Barry Bonds, meanwhile, went from a well balanced guy with arms the size of my legs to a mood-swing-prone guy with arms the size of my torso. He's not using steroids? Yeah fucking right. 

I love the guys who'd been going to games carrying giant asterisks. Those are true baseball fans.


----------



## Leon (Aug 8, 2007)

Drew said:


> I love the guys who'd been going to games carrying giant asterisks. Those are true baseball fans.



whether or not there is an asterisk by Bonds' name in the history books, i know that i, as well as many other baseball fans, will never forget, and will never let those around me forget.


----------



## garcia3441 (Aug 8, 2007)

Drew said:


> mood-swing-prone guy



He was like that even before the steroid allegations.

Alex Sanchez tested positive for steroids in 2005. His stats? 


2004 SEASON STATISTICS
GM HR RBI R SB AVG
79 2 26 41 19 .322

I think he needs to ask for a refund.


----------



## Jason (Aug 8, 2007)

GH0STrider said:


> I would. The playing field was not level. If everyone in the mlb was on roids it would be fiar. But since most are not he had a one up and the record is tainted. I hope he is one day convicted and they give the record back to hank.

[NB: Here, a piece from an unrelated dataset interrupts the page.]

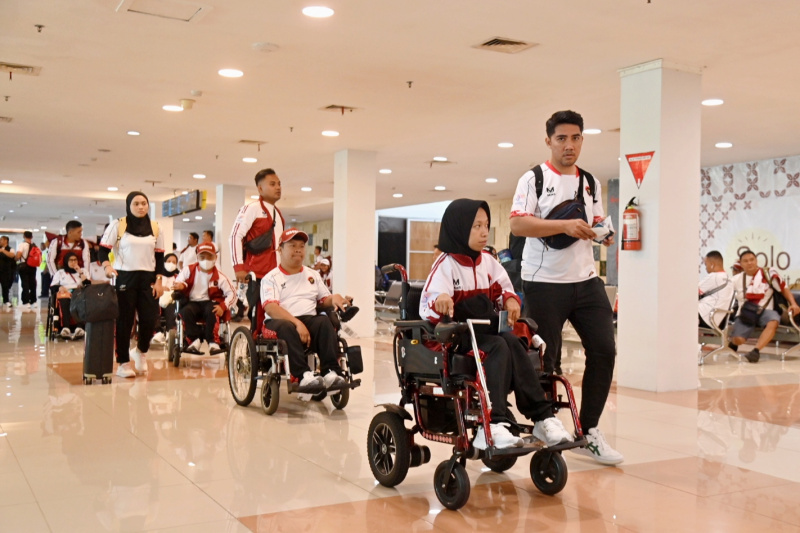 Kontingen Indonesia untuk Asian Para Games 2022 berangkat menuju Hangzhou, Tiongkok, Senin (16/10).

And you know this how?? What makes you such a source? ALOT of guys take roids so in a way the playing field is a bit leveled. Cause guess what? A fair amount of those pitchers hit homers off of were juicing too..


----------



## garcia3441 (Aug 8, 2007)

Jason said:


> And you know this how?? What makes you such a source? ALOT of guys take roids so in a way the playing field is a bit leveled. Cause guess what? A fair amount of those pitchers hit homers off of were juicing too..

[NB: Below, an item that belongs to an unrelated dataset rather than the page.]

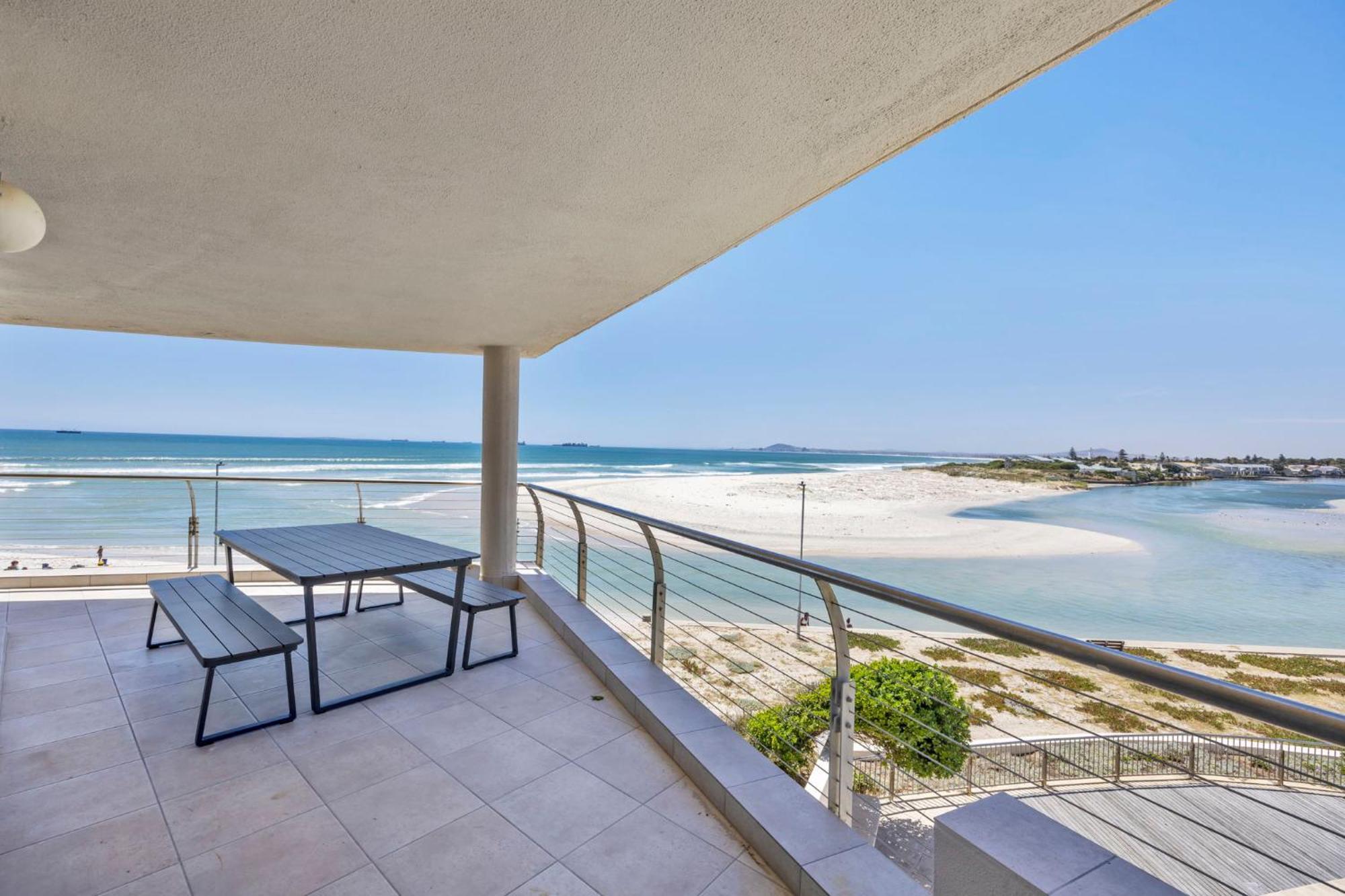 Lagoon Luxury *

Fact: The pitcher that gave up Bonds 755th homer was suspended while in the minors for testing positive.


----------



## zimbloth (Aug 8, 2007)

Jason said:


> True.



Actually you're incorrect. Bonds HAS failed a drug test. He failed a drug test just LAST SEASON. Do you guys just talk or do you do your homework first?

I think Bonds is a Hall of Famer regardless, but anyone who thinks he didn't use steroids/HGH meets one or more of the following criteria:

1) You're a blind Giants fan.
2) You either haven't read the facts or refuse to do so.
3) You have questionable eyesight (just look at his body and head in 1998 vs 1999).


----------



## Jason (Aug 8, 2007)

zimbloth said:


> Actually you're incorrect. Bonds HAS failed a drug test. He failed a drug test just LAST SEASON.

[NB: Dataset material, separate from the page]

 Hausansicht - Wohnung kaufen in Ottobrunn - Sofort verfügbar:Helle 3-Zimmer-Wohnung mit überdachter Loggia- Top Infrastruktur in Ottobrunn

WHy is this never mentioned? Why does is keep being brought up. Bonds never failed a test.


----------



## garcia3441 (Aug 8, 2007)

Because the test was for amphetamines, and players are not publicly identified for a first positive test.

ESPN - Report: Bonds failed amphetamine test last season - MLB


----------



## Jason (Aug 8, 2007)

garcia3441 said:


> Because the test was for amphetamines, and players are not publicly identified for a first positive test.
> 
> ESPN - Report: Bonds failed amphetamine test last season - MLB



Ah.. I meant steroids Btw..


----------



## garcia3441 (Aug 8, 2007)

BTW, he hit 757 today.


----------



## GH0STrider (Aug 9, 2007)

Jason said:


> And you know this how?? What makes you such a source? ALOT of guys take roids so in a way the playing field is a bit leveled. Cause guess what? A fair amount of those pitchers hit homers off of were juicing too..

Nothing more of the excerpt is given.